=== What you will do ===
Make an exact copy of the data below, leaving out every picture.

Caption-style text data
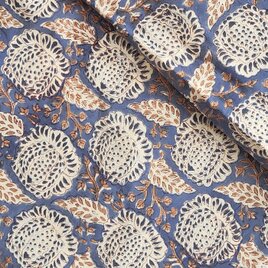 インド ブロックプリント生地 [50cm単位切り売り]サンガネリ ビッグフラワー on ブルー ベリー色 IF0477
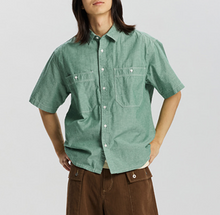 Load image into Gallery viewer, CHAMBRAY BIG POCKET HALF SHIRT - GREEN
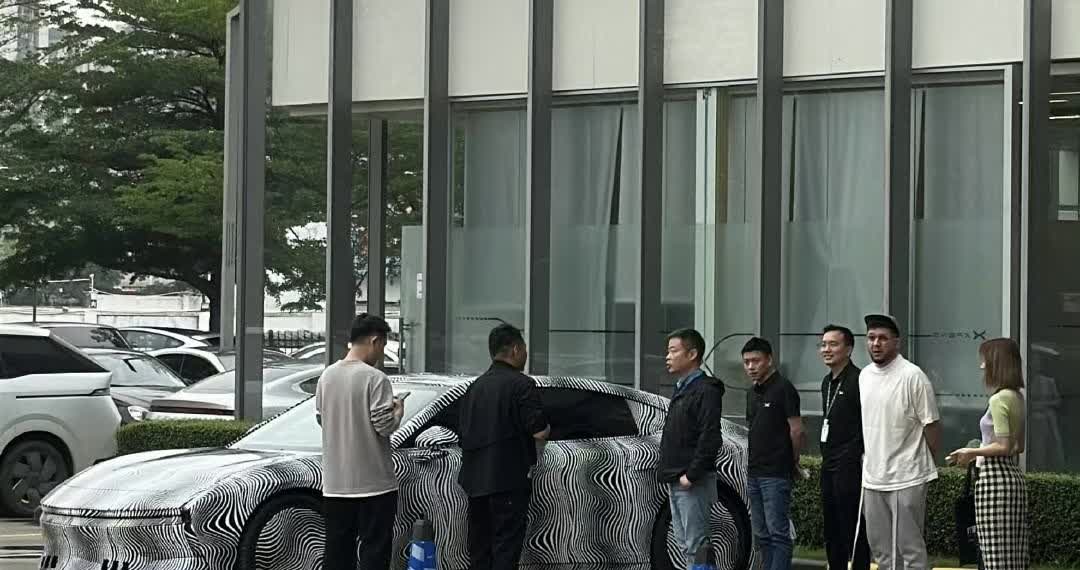 小鹏代号E29的重磅新车。
第一次看到伪装如此少，车身线条和轮廓尽显，看起来很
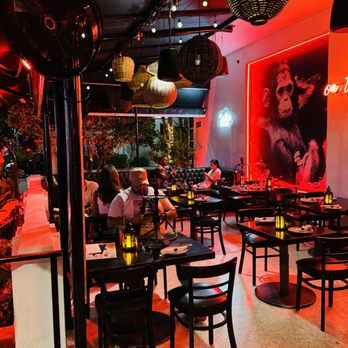 Wilde On The Porch - Lounges Near Me - Miami Beach, Florida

=== Response to the task ===
 インド ブロックプリント生地 [50cm単位切り売り]サンガネリ ビッグフラワー on ブルー ベリー色 IF0477
 Load image into Gallery viewer, CHAMBRAY BIG POCKET HALF SHIRT - GREEN
 小鹏代号E29的重磅新车。
第一次看到伪装如此少，车身线条和轮廓尽显，看起来很
 Wilde On The Porch - Lounges Near Me - Miami Beach, Florida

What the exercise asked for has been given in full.